What is required -> Look through the data below and extract, unchanged, the lines from the one that contains "Appartement 280 000" to the one that contains "Alumaline® & Brass", both included.

Excerpted data ->
┄┄┄┄┄┄┄┄┄┄┄┄┄┄┄┄┄┄┄┄
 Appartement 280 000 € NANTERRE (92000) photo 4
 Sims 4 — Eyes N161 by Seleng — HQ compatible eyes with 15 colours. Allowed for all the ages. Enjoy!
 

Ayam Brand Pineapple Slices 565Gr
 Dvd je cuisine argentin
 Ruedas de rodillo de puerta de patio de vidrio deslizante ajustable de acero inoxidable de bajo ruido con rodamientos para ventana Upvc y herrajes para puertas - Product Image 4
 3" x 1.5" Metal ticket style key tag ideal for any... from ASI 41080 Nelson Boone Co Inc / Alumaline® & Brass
┄┄┄┄┄┄┄┄┄┄┄┄┄┄┄┄┄┄┄┄
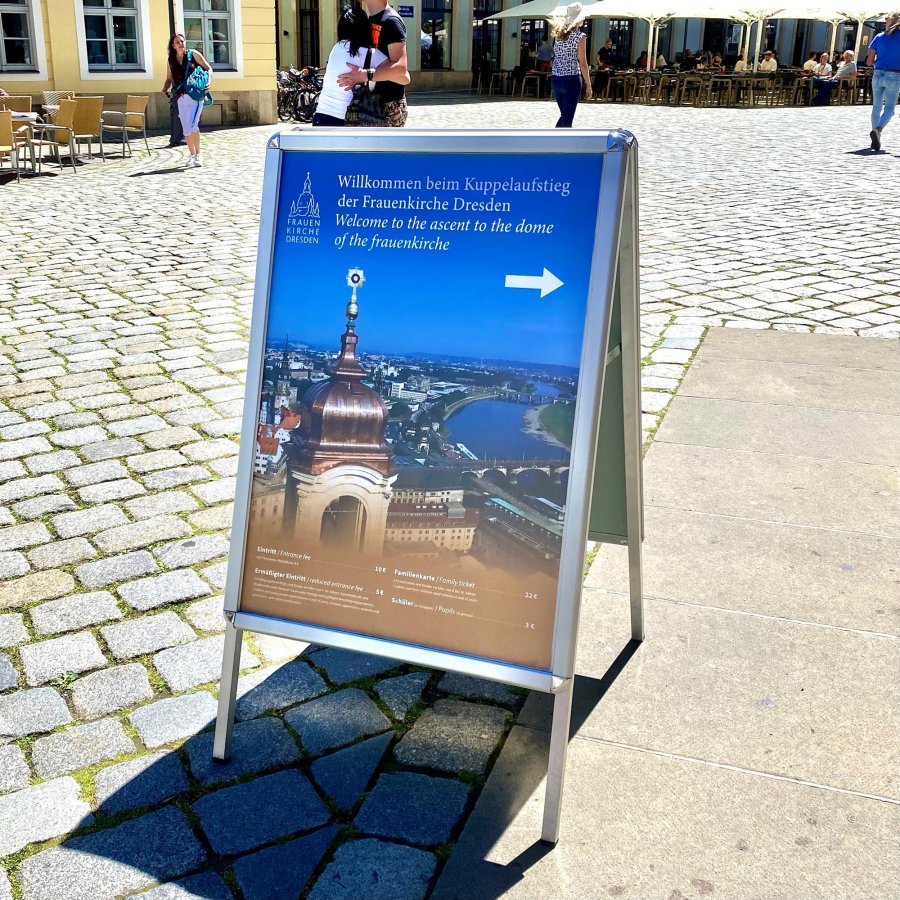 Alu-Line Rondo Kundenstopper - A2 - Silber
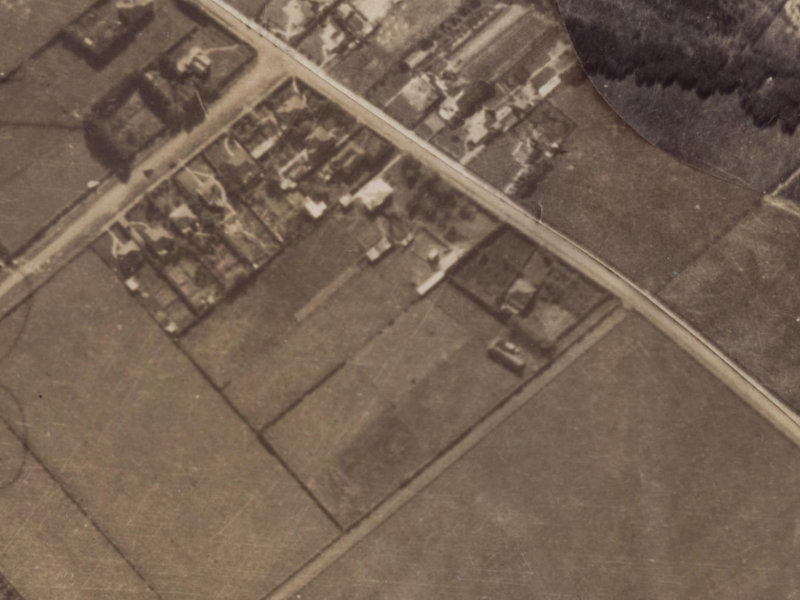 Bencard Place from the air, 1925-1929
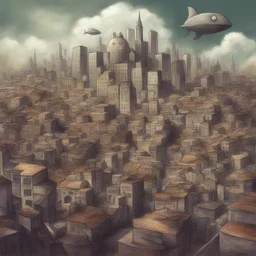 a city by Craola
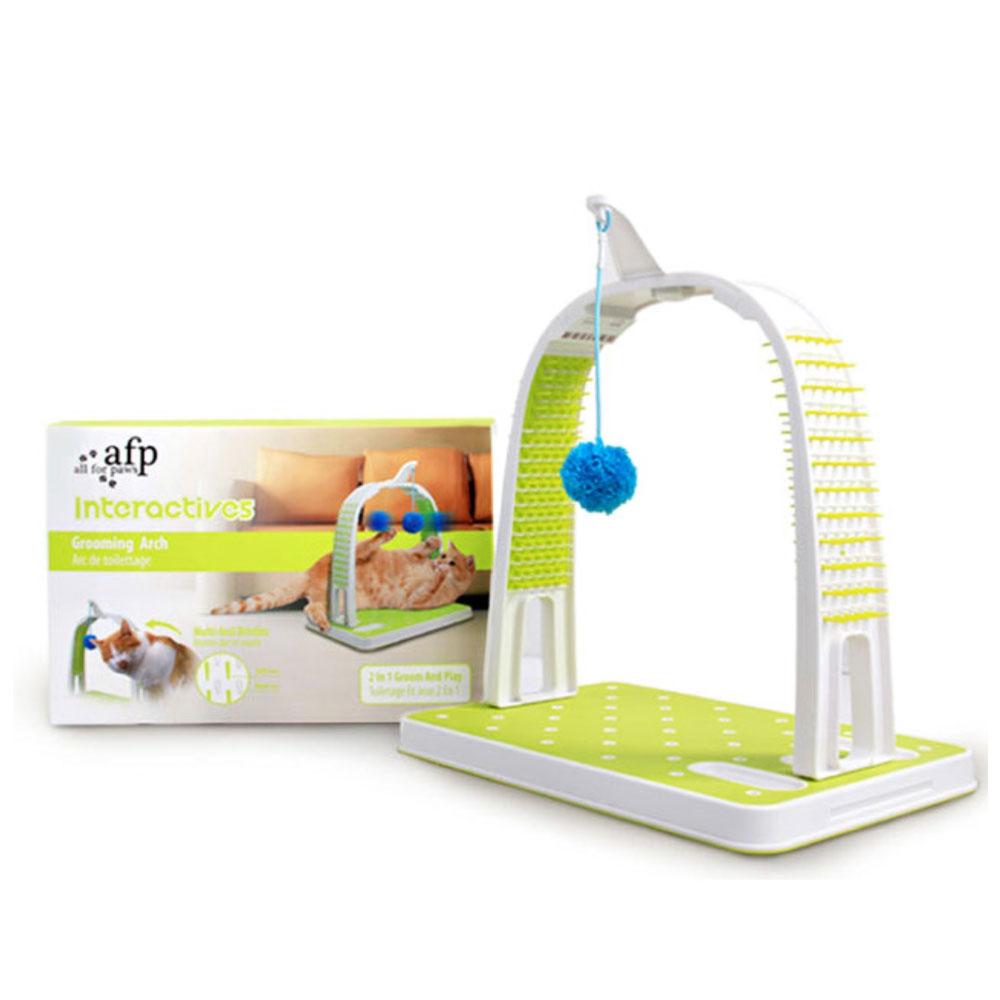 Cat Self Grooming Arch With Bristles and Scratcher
┄┄┄┄┄┄┄┄┄┄┄┄┄┄┄┄┄┄┄┄
Output for this exercise ->
 Appartement 280 000 € NANTERRE (92000) photo 4
 Sims 4 — Eyes N161 by Seleng — HQ compatible eyes with 15 colours. Allowed for all the ages. Enjoy!
 

Ayam Brand Pineapple Slices 565Gr
 Dvd je cuisine argentin
 Ruedas de rodillo de puerta de patio de vidrio deslizante ajustable de acero inoxidable de bajo ruido con rodamientos para ventana Upvc y herrajes para puertas - Product Image 4
 3" x 1.5" Metal ticket style key tag ideal for any... from ASI 41080 Nelson Boone Co Inc / Alumaline® & Brass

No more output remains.